Jobs: 16 (f=16): [r(16)][3.3%][r=57.2MiB/s,w=0KiB/s][r=14.6k,w=0 IOPS][eta 01m:57s]
Jobs: 16 (f=16): [r(16)][4.1%][r=54.5MiB/s,w=0KiB/s][r=13.0k,w=0 IOPS][eta 01m:56s]
Jobs: 16 (f=16): [r(16)][5.8%][r=55.9MiB/s,w=0KiB/s][r=14.3k,w=0 IOPS][eta 01m:54s] 
Jobs: 16 (f=16): [r(16)][6.6%][r=56.1MiB/s,w=0KiB/s][r=14.4k,w=0 IOPS][eta 01m:53s]
Jobs: 16 (f=16): [r(16)][8.3%][r=54.7MiB/s,w=0KiB/s][r=14.0k,w=0 IOPS][eta 01m:51s] 
# Inject
Jobs: 16 (f=16): [r(16)][9.2%][r=768KiB/s,w=0KiB/s][r=192,w=0 IOPS][eta 01m:49s]   
Jobs: 16 (f=16): [r(16)][10.8%][r=768KiB/s,w=0KiB/s][r=192,w=0 IOPS][eta 01m:47s] 
Jobs: 16 (f=16): [r(16)][12.5%][r=768KiB/s,w=0KiB/s][r=192,w=0 IOPS][eta 01m:45s] 
Jobs: 16 (f=16): [r(16)][14.2%][r=768KiB/s,w=0KiB/s][r=192,w=0 IOPS][eta 01m:43s] 
Jobs: 16 (f=16): [r(16)][15.8%][r=768KiB/s,w=0KiB/s][r=192,w=0 IOPS][eta 01m:41s] 
Jobs: 16 (f=16): [r(16)][17.5%][r=768KiB/s,w=0KiB/s][r=192,w=0 IOPS][eta 01m:39s] 
Jobs: 16 (f=16): [r(16)][19.2%][r=768KiB/s,w=0KiB/s][r=192,w=0 IOPS][eta 01m:37s] 
Jobs: 16 (f=16): [r(16)][20.8%][r=768KiB/s,w=0KiB/s][r=192,w=0 IOPS][eta 01m:35s] 
# Recover
Jobs: 16 (f=16): [r(16)][23.1%][r=23.1MiB/s,w=0KiB/s][r=5902,w=0 IOPS][eta 01m:33s]
Jobs: 16 (f=16): [r(16)][24.2%][r=57.5MiB/s,w=0KiB/s][r=14.7k,w=0 IOPS][eta 01m:31s] 
Jobs: 16 (f=16): [r(16)][26.4%][r=57.6MiB/s,w=0KiB/s][r=14.7k,w=0 IOPS][eta 01m:29s] 
Jobs: 16 (f=16): [r(16)][27.5%][r=57.5MiB/s,w=0KiB/s][r=14.7k,w=0 IOPS][eta 01m:27s] 
Jobs: 16 (f=16): [r(16)][29.2%][r=58.3MiB/s,w=0KiB/s][r=14.9k,w=0 IOPS][eta 01m:25s]

Note

  1. multi-queue scheduler registration is only supported on the kernel newer than 4.0, or the rhel kernel released after RHEL 7.6

Warning

  1. Injecting too much delay on the root device could make your system blocked. Please make sure you have some emergency methods to make the system come back.
  2. Small period-us in limit injection will cost a lot of cpu time, and may block the io request of other processes (not selected by the filter) on the same block device.

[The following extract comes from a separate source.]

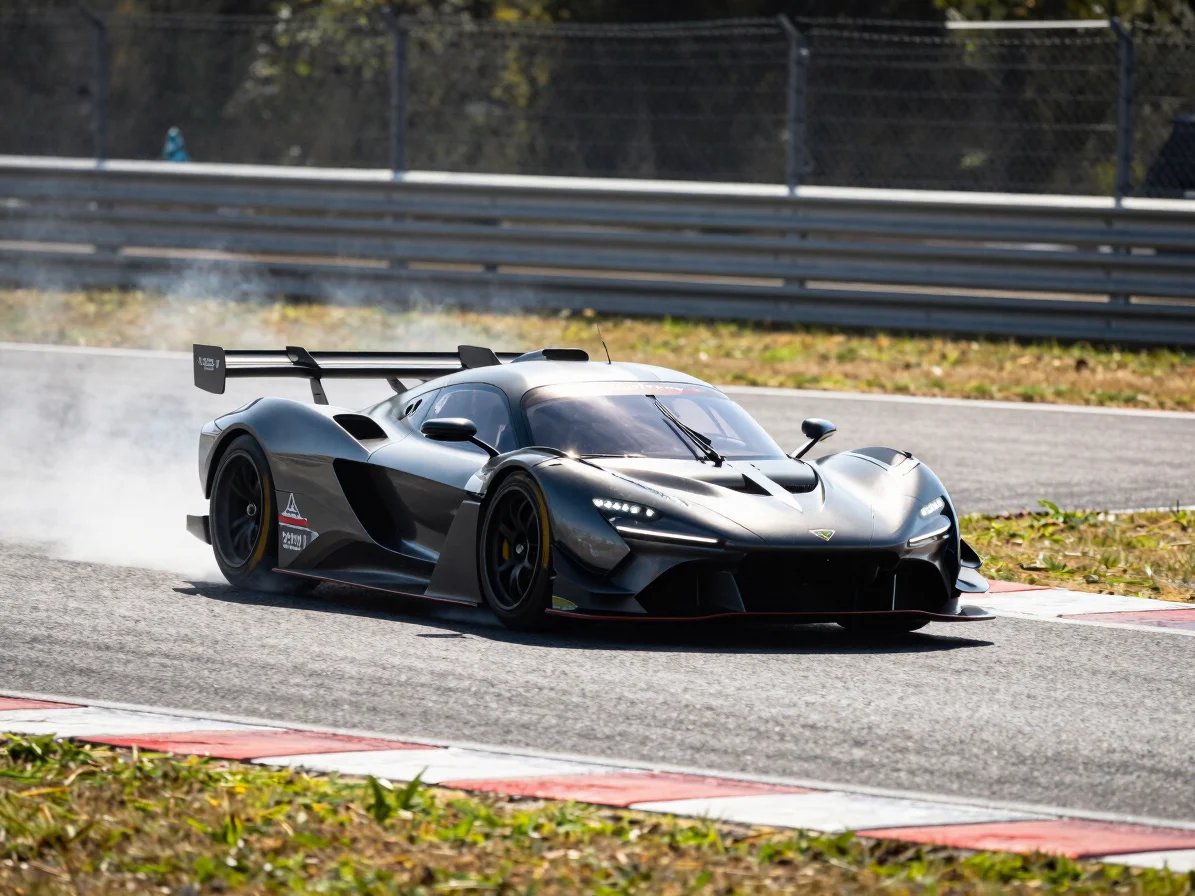 Low-angle telephoto shot of a sleek Hypercar prototype cornering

It's always suggested to be set greater than 5000.

Syscall Injection

WIP. It's too dangerous to inject long delay in an atomic context, so this function is removed temporarily.

ROADMAP

Function

  • Inject latency
  • Traffic controll of IO
  • Package for distributions
    • AUR
    • Debian
    • Ubuntu PPA
    • Fedora
    • Cent OS

Test

Compatiblity

  • Linux 5.12
  • Linux 5.4 (Ubuntu 20.04 latest kernel)
  • Linux 4.19 (Debian Buster)
  • Linux 4.15 (Ubuntu 18.04)
  • Linux 3.10 (CentOS 7.9)
  • Linux 3.10 (CentOS 7.6)

Function test

  • Inject Latency
    • Basic function
    • Correlation and jitter
  • Traffic controll of IO

Integrate with Chaos Mesh

  • Provide go package
  • Integrate with chaosd
  • Integrate with Chaos Mesh

Kernel Version Support

This module supports kernel >= 3.10, and < 5.16. The kernel removes the include/elevator.h in 5.16, which makes it impossible to develop an out of tree elevator module.